China first claimed the South China Sea, labeling it the “nine-dotted line” on a 1947 map, possibly in response to the power vacuum created by Japan’s surrender two years earlier. Their claim conflicts with those of Vietnam, Taiwan, Malaysia, the Philippines and Brunei.

While maritime lawyers say China’s “nine-dotted line” has little legal basis under international law, it is backed by military muscle. Here on Lý Sơn, fishermen confronted by China’s ban on their traditional fishing grounds can no longer safely go more than a couple hundred miles out to sea, so are depleting the shoals around Vietnam’s coast.

To see the effects firsthand, we swam out to visit a fishing boat working just off another nearby island. The fishermen, working from traditional teacup-shaped boats tethered to a larger vessel, said it had been a disappointing day. One of many in recent years.

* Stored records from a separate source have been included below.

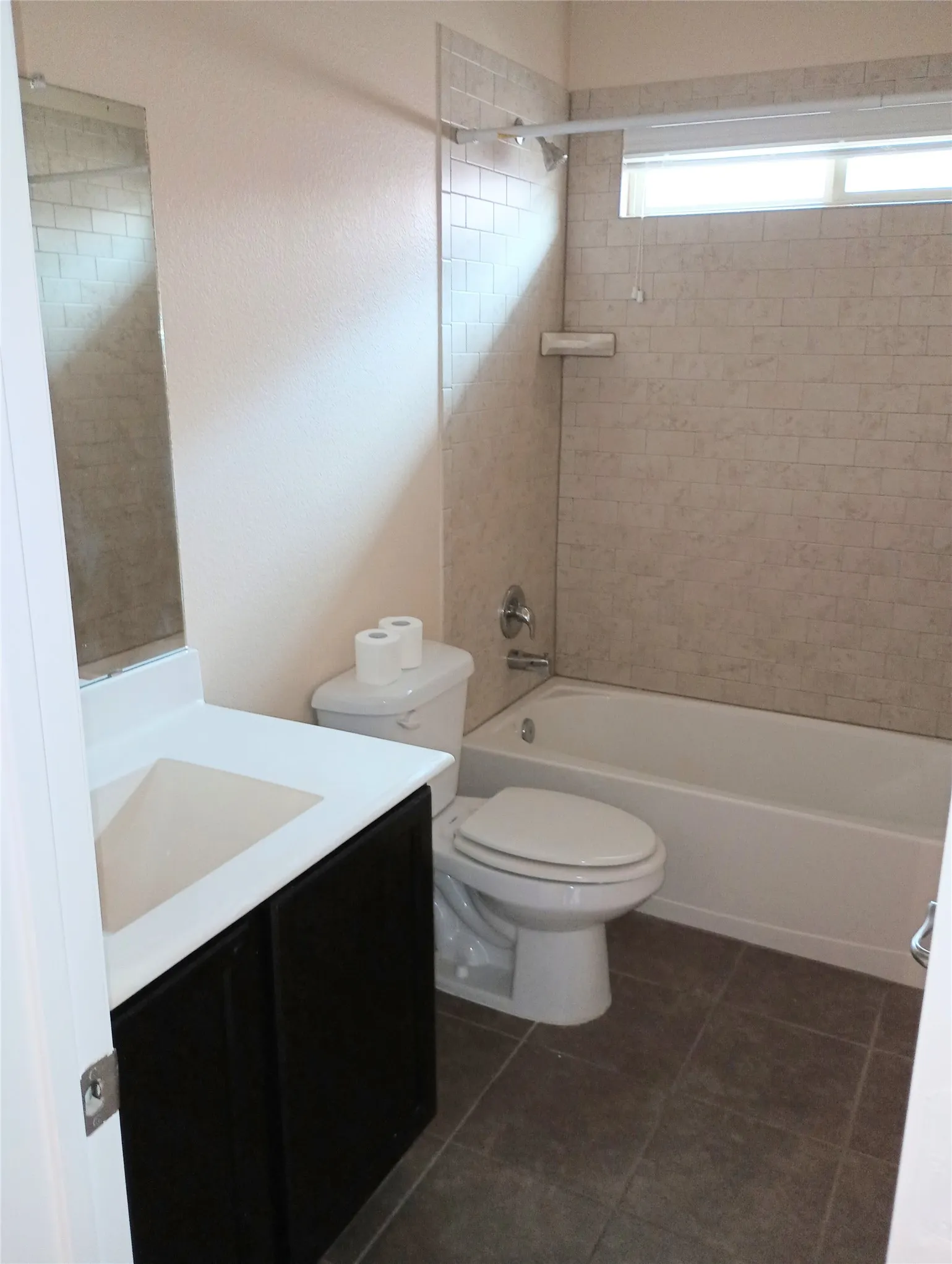 Single Family Residence For Rent in Collin County , 1817 Pecan Grove Drive, Anna, Texas 75409, 3 Bedroom, 2 Bathroom, 2 Garage spaces, 1,720 Sqft, built in 2013, mls#21395746, Real Estate Agent in Anna, Homes For Rent in Collin county, Homes For Rent in Anna, Realtor in Anna Texas, Real Estate Brokerage Independent Realty Texas, Luminita Cordes Realtor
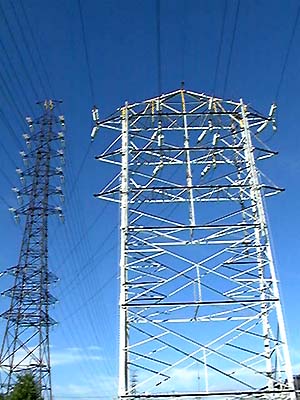 やぐら鉄塔 現る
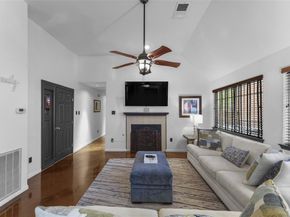411  Red River Trail , Irving Texas 75063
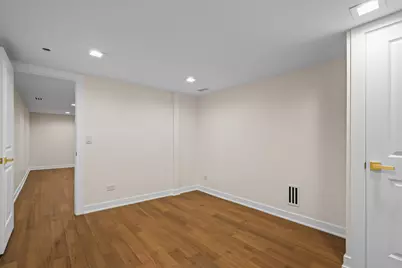830 Deerfield Road, Highland Park, IL 60035 - Photo 11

The coastal reefs that once teemed with life were desolate. The fishermen said that there were just too many boats trying to scrape a living from depleted grounds close to shore. But they certainly weren’t about to risk going farther out to sea.

Their caution is warranted. If, like 46-year-old Nguyên Phú, they venture too deeply into Vietnam’s claimed territorial waters, a Chinese patrol boat will swoop down on them. One such patrol, says Phú, captured him and his crew early one morning, impounded his boat and imprisoned them for a month. He endured daily beatings.

“When they came, what could we do?” he asks, crouching down like a frog with his hands above his head. “We just put our hands up like this, and said, ‘Don’t shoot! Don’t shoot!'”

Phú isn’t the only victim. Other fishermen imprisoned in anticipation of an unknown fate, wait stoically. Some write poetry. For his part, Phú passed the days by carving a tattoo into his arm. It reads: “Love your neighbors. Get revenge on your enemies.”